By Keisa Sharpe-Jefferson
The Birmingham Times
The Birmingham City Council’s Committee of the Whole (COW) on Tuesday unanimously recommended two loans, each for $2.5 million, to help give financially struggling Birmingham Southern College some hope to stay open.
The City Council committee made the recommendation at the request of Mayor Randall Woodfin and the full council will vote next Tuesday whether to approve.
Birmingham Southern College (BSC) President Daniel Coleman told the nine-member COW that the school will remain open through June, 2024 but beyond that, the school’s future could be in question.
The loans help because one of is structured as a forgivable loan, which would be funds the school would keep if they hit certain metrics, Coleman said.

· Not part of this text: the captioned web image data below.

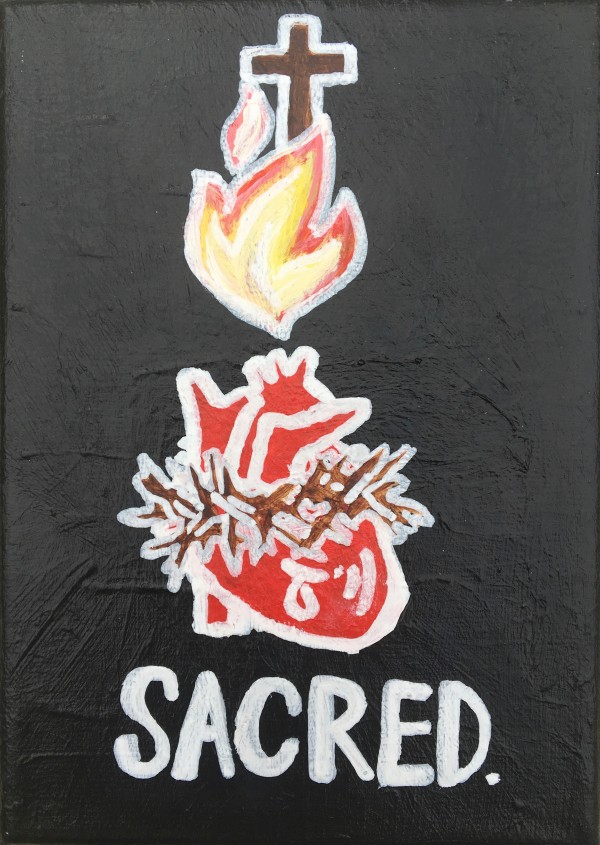 Sacred Print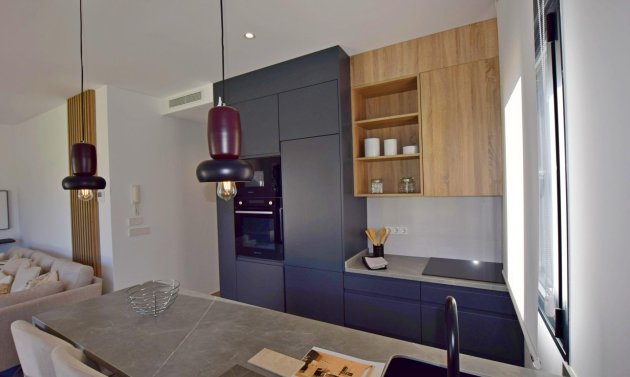 Obra nueva - Apartamento -
Alhama de Murcia - Condado De Alhama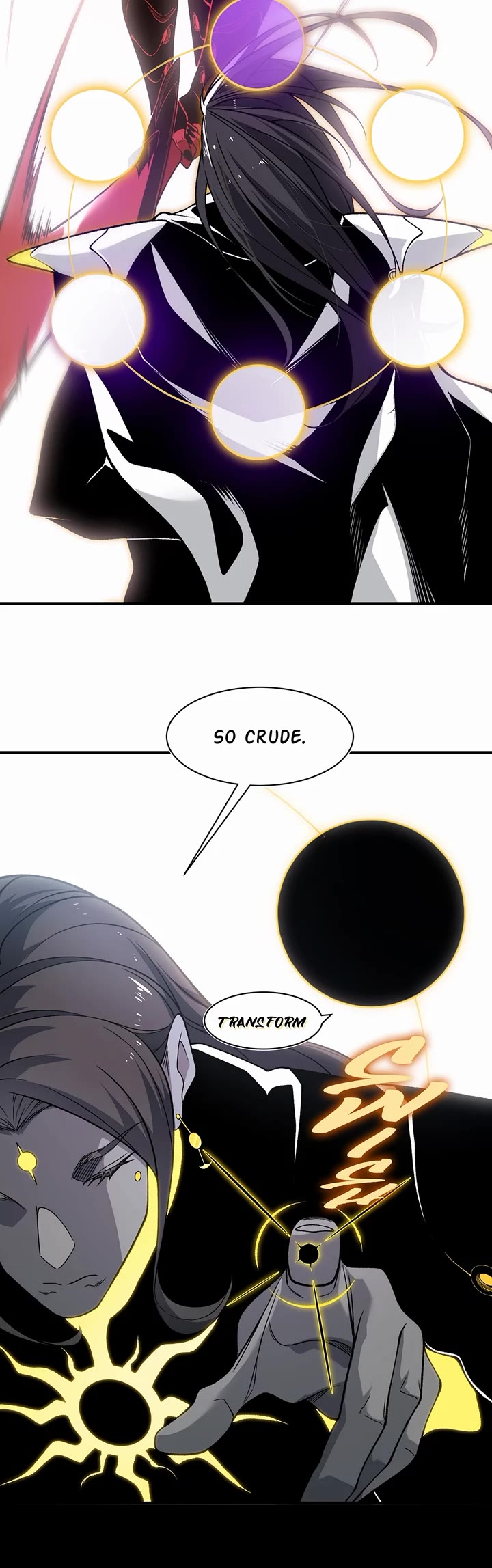 Demonic Evolution chapter 141 page 5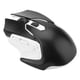 thumbnail image 5 of Ratón Inalámbrico Óptico Para Juegos De 1200 DPI Agarre Cómodo Sin Retraso Ratón Inalámbrico 2.4G - Negro, 5 of 8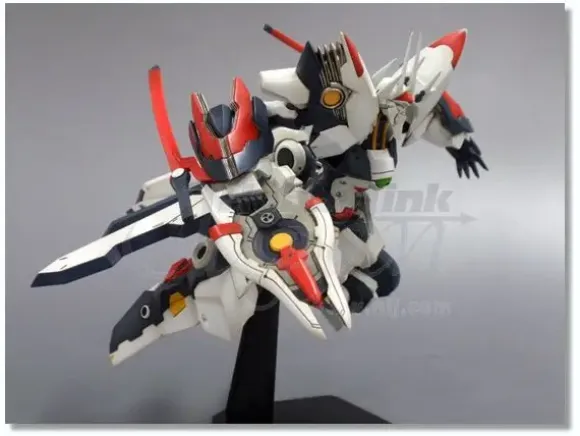 1/144 Linebarrel Overdrive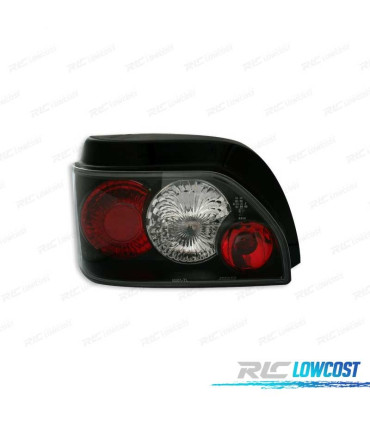 PILOTOS RENAULT CLIO 90-98 FONDO NEGRO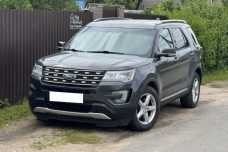 Ford Explorer V  Рестайлинг, 2015, пробег 205000 км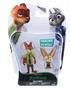 Disney Zootopia Character 2-Pack Nick and Finnick Figures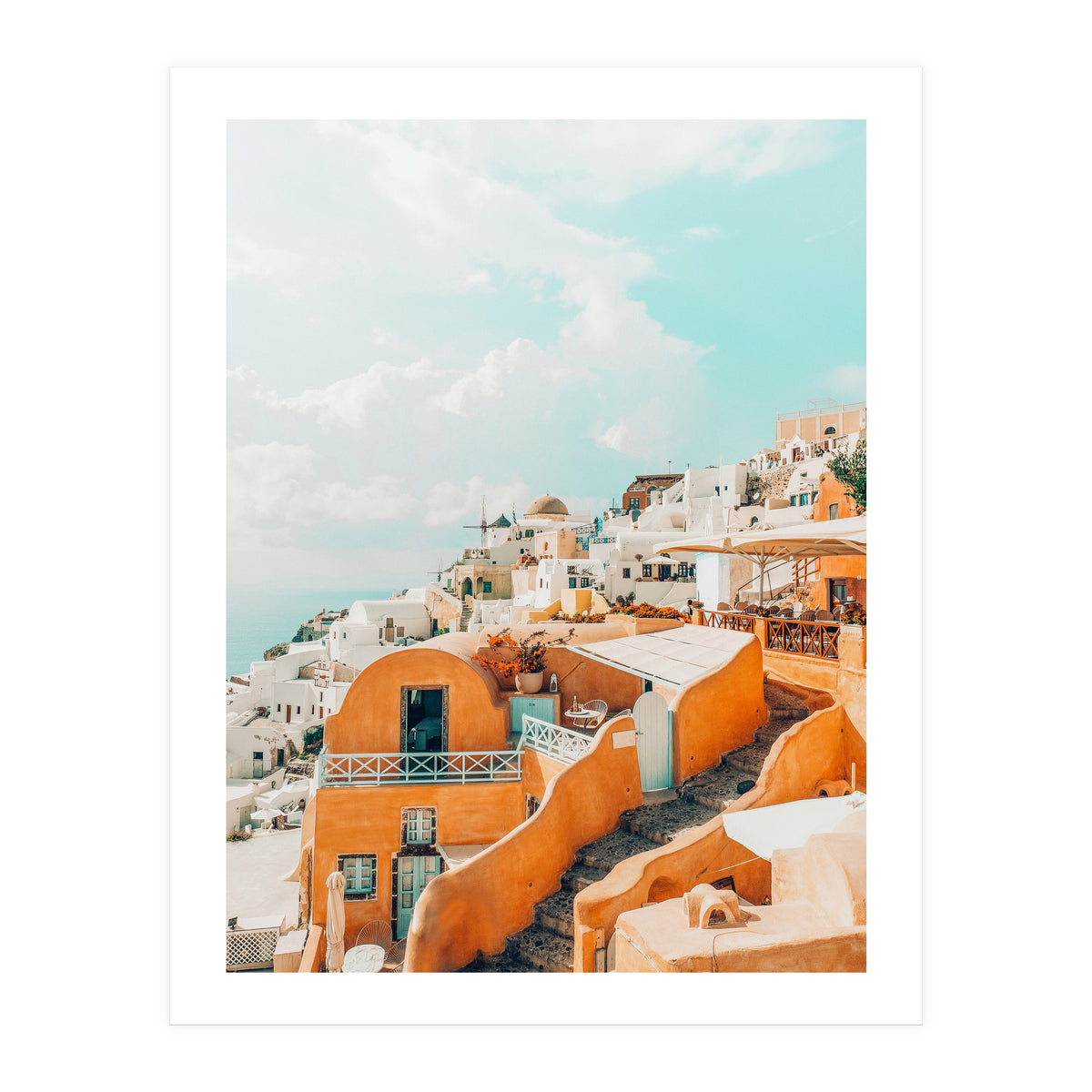 Santorini V2 (Print Only)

“They (two loans from City of Birmingham) would be used to be the college’s financing over the next three years while we raise an endowment,” he said. “Our endowment right now is $45 million pledged and we need to get it solidly over $100 (million) to stabilize.”
Next steps are to ask the Jefferson County Commission for financial support, he said.
The council had previously approved funding for BSC, but it was contingent upon the state funding BSC as well.
But the college received a blow, when, in mid-October, Alabama State Treasurer Young Boozer denied the school’s application for a $30 million dollar loan that, according to Coleman, BSC needed to stay afloat. Later that month, BSC sued the state asking a judge to compel Boozer to approve the application, but a circuit court judge dismissed this lawsuit.
Coleman said he’s hopeful to continue talks with state lawmakers and the support from the city helps.
Mayor Randall Woodfin presented an overview of what could happen is BSC closed. “Birmingham Southern College has approximately 700 students and directly employees approximately 292 employees and about 1200 indirect,” he said. “It leads to a spending of about $45 million per year.”
Several councilors stressed the importance of keep the college open.
The loans “show that we greatly value this anchor institution in western Birmingham, and we can’t afford to lose this college and I hope it gives students and faculty hope that they will continue to have a place to learn and to work,” said Councilor Carol Clarke, who represents the district where the institution is located.
BSC is a private liberal arts college that sits on nearly 200 acres.
Coleman said school leaders remain encouraged during the funding ordeal because “this is a fight and to some extent that helps keep us motivated. Especially our students – they like a good fight. And our faculty and staff, they love this school,” he said.